A Peaceful People - Shingle Springs Band of Miwok Indians (January 2001)
-- Shingle Springs Band of Miwok Indians, Shingle Springs Rancheria of El Dorado County, California.
The early Sierra Miwoks lived in the foothills or lowlands and moved into the high Sierras in the summer for hunting. Their homes were semi-subterranean and earth-covered. Their summer mountain shelters were mere lean-tos of bark. Their chief food staple was acorns.

Photo courtesy of the Shingle Springs Rancheria.
In 1861-52 -- a treaty commission was sent from Washington to get the Indians out of the way of expansion into the newly-conquered Mexican territory. The commission negotiated 18 treaties with more than 500 Indian leaders of the many tribes whose territories patchworked the land. Those treaties set aside 8.5 million acres of land, away from seacoasts, in scattered parcels, none containing more than 25,000 acres. The treaties had been sent to a Senate archive and lost therein for 50 years. Nothing was heard of those treaties until 1905 -- the U.S. Senate never ratified them, and no land at all was set aside for the Indian people.

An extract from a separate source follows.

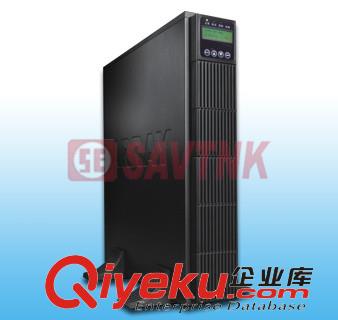 西安山特模塊式ARRAY MP 10kVA 5600元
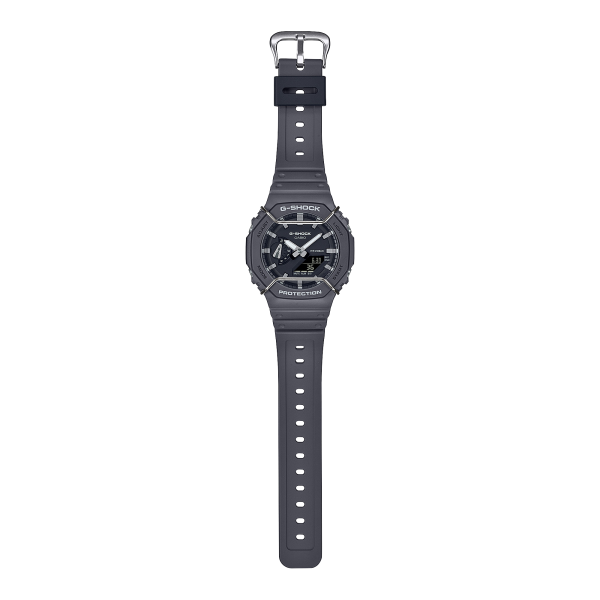 G-SHOCK GA-2100PTS-8A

In 1905 there was beginning to be concern about the surviving landless desperately poor California Natives. And thus began the unique California "Rancheria" Indian reservation system, where patches of isolated land were federally purchased for Indians.

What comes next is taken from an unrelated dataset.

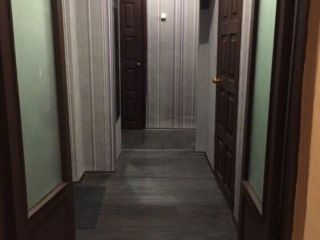 Сдам двухкомнатную квартиру со всеми удобствами с мебелью фото 10 Армавир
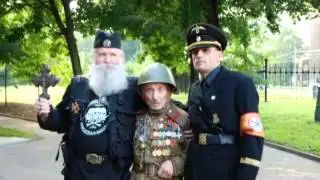 Программа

Today, about 52 families live on the 160 acre Shingle Springs Rancheria where the tribe operates its own library, church, fire department, tribal center and community center. The tribal members of the Shingle Springs Band of Miwok Indians consist of Miwok, Maidu and Nisenan Indian. Visit the Shingle Springs Rancheria located in the Sierra foothills, within a broad geophysical belt known as the "Mother Lode" country. The Rancheria is located just off Highway 50 in El Dorado County, approximately nine miles west of Placerville and 40 miles east of Sacramento.